What you need to produce from the material below is an exact transcription of the lines from the one with "Indulge in spa-like" through the one with "A close up of", both included, and no other line.

> [INPUT]:
□ □ □ □

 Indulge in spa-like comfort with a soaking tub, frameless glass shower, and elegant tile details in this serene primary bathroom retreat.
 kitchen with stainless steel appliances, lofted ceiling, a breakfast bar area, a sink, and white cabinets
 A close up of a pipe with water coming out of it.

□ □ □ □

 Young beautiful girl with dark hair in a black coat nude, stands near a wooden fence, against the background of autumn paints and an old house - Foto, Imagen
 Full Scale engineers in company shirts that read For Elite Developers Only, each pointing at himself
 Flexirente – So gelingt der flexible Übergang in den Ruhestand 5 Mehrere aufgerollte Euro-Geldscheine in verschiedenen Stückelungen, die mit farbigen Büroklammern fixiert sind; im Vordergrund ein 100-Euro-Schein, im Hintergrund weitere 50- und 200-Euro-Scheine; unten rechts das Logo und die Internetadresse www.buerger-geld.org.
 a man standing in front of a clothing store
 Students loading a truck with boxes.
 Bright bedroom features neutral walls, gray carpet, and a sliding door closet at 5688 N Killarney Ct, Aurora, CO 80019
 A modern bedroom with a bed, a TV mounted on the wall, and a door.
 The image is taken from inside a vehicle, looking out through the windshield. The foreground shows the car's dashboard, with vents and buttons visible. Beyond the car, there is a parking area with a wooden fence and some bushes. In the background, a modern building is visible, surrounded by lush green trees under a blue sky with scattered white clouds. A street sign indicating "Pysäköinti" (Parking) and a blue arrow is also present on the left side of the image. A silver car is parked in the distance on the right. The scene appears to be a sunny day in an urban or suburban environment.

□ □ □ □

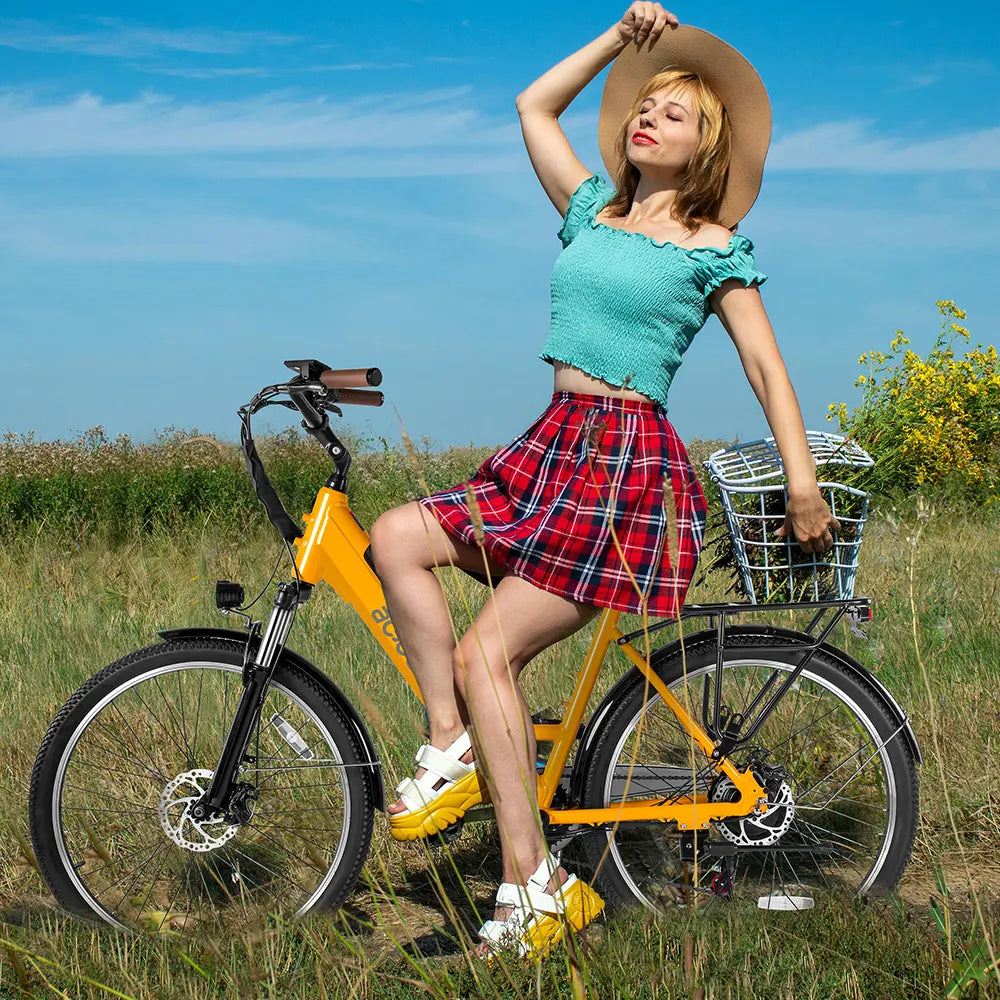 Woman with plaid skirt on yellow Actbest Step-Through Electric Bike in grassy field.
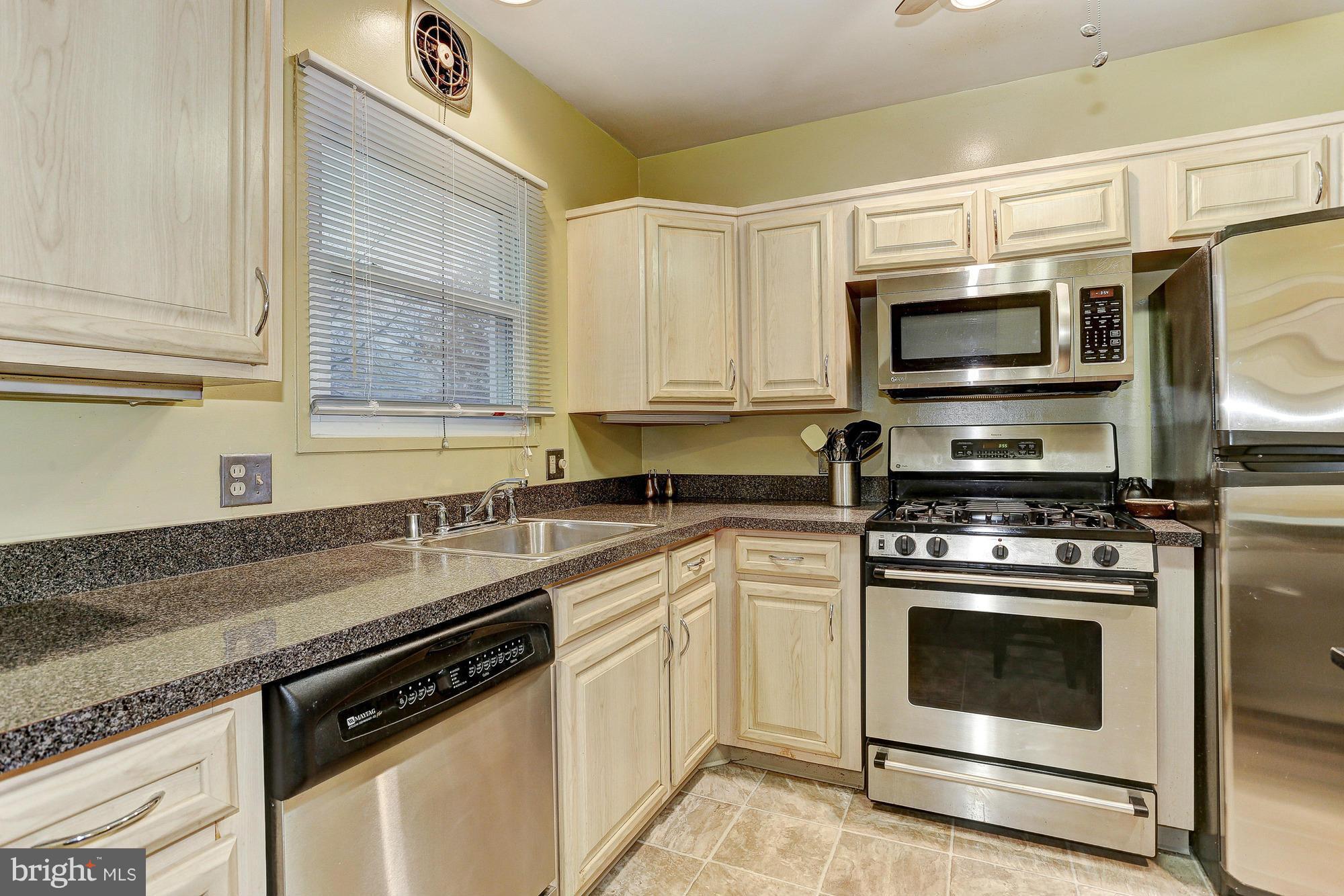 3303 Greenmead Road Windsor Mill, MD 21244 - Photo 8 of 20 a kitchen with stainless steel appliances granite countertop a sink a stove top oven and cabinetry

□ □ □ □

> [TASK SOLUTION]:
 Indulge in spa-like comfort with a soaking tub, frameless glass shower, and elegant tile details in this serene primary bathroom retreat.
 kitchen with stainless steel appliances, lofted ceiling, a breakfast bar area, a sink, and white cabinets
 A close up of a pipe with water coming out of it.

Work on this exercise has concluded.